[Opening Data listing section]

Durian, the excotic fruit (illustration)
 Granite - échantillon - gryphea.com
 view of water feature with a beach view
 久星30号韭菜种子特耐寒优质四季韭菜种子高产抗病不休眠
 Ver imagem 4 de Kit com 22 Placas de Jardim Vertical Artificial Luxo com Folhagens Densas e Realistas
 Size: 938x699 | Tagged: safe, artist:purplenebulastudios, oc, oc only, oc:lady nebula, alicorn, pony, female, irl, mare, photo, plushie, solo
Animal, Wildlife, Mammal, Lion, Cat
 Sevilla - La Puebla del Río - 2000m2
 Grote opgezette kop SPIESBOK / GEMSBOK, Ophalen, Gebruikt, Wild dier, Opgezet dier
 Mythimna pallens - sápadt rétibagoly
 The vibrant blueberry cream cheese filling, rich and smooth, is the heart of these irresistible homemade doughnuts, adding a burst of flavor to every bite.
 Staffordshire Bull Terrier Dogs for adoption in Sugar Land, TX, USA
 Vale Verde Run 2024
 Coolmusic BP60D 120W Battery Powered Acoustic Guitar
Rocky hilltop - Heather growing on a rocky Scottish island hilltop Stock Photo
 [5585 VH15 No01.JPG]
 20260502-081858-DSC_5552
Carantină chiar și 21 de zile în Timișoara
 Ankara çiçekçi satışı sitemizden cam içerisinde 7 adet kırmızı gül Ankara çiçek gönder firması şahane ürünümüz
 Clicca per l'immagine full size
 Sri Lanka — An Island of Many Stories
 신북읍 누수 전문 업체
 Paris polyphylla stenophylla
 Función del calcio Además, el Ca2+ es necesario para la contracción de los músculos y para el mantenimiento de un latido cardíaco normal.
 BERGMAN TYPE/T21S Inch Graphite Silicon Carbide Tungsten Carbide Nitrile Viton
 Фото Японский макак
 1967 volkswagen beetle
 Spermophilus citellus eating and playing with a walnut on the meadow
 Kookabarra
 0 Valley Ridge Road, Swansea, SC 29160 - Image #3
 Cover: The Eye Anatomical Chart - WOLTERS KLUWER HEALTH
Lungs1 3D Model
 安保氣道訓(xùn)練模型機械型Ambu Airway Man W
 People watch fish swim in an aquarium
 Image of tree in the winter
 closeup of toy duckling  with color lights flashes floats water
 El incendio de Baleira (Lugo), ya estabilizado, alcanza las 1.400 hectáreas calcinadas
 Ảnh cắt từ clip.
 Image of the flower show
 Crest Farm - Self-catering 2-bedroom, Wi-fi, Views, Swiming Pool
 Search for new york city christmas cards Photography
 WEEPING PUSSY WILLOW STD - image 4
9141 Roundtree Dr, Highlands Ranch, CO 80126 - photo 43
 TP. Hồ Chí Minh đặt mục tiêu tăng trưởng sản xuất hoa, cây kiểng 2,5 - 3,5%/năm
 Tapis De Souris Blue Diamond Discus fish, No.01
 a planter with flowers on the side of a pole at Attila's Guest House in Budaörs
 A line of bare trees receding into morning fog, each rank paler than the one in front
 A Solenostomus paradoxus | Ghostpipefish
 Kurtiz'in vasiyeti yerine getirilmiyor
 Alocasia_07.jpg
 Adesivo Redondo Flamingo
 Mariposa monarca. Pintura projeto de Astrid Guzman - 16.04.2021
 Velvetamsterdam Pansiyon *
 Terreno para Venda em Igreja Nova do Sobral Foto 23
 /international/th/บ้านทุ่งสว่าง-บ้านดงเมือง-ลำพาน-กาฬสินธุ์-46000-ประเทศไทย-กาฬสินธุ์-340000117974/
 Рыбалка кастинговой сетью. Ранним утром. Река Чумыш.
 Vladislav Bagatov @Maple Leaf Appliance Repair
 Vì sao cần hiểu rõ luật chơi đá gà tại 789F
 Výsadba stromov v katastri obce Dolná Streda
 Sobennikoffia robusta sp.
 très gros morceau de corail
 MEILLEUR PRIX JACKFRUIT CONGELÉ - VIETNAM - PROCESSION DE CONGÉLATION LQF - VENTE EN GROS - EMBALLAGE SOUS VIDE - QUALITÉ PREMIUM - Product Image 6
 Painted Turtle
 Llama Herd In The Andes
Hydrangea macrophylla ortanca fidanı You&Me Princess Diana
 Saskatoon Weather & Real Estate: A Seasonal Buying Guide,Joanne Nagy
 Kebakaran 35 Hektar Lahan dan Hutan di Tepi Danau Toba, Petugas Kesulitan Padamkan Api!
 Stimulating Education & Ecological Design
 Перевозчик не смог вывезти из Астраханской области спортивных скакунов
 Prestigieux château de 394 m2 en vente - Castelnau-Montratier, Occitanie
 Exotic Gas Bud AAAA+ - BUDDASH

[Closing Data listing section]

# What is being asked
Looking at the entries above, can you reproduce exactly the lines from the one that holds "Ver imagem 4" through the one that holds "Image of tree in the winter", and only those?

# Response to this exercise
 Ver imagem 4 de Kit com 22 Placas de Jardim Vertical Artificial Luxo com Folhagens Densas e Realistas
 Size: 938x699 | Tagged: safe, artist:purplenebulastudios, oc, oc only, oc:lady nebula, alicorn, pony, female, irl, mare, photo, plushie, solo
Animal, Wildlife, Mammal, Lion, Cat
 Sevilla - La Puebla del Río - 2000m2
 Grote opgezette kop SPIESBOK / GEMSBOK, Ophalen, Gebruikt, Wild dier, Opgezet dier
 Mythimna pallens - sápadt rétibagoly
 The vibrant blueberry cream cheese filling, rich and smooth, is the heart of these irresistible homemade doughnuts, adding a burst of flavor to every bite.
 Staffordshire Bull Terrier Dogs for adoption in Sugar Land, TX, USA
 Vale Verde Run 2024
 Coolmusic BP60D 120W Battery Powered Acoustic Guitar
Rocky hilltop - Heather growing on a rocky Scottish island hilltop Stock Photo
 [5585 VH15 No01.JPG]
 20260502-081858-DSC_5552
Carantină chiar și 21 de zile în Timișoara
 Ankara çiçekçi satışı sitemizden cam içerisinde 7 adet kırmızı gül Ankara çiçek gönder firması şahane ürünümüz
 Clicca per l'immagine full size
 Sri Lanka — An Island of Many Stories
 신북읍 누수 전문 업체
 Paris polyphylla stenophylla
 Función del calcio Además, el Ca2+ es necesario para la contracción de los músculos y para el mantenimiento de un latido cardíaco normal.
 BERGMAN TYPE/T21S Inch Graphite Silicon Carbide Tungsten Carbide Nitrile Viton
 Фото Японский макак
 1967 volkswagen beetle
 Spermophilus citellus eating and playing with a walnut on the meadow
 Kookabarra
 0 Valley Ridge Road, Swansea, SC 29160 - Image #3
 Cover: The Eye Anatomical Chart - WOLTERS KLUWER HEALTH
Lungs1 3D Model
 安保氣道訓(xùn)練模型機械型Ambu Airway Man W
 People watch fish swim in an aquarium
 Image of tree in the winter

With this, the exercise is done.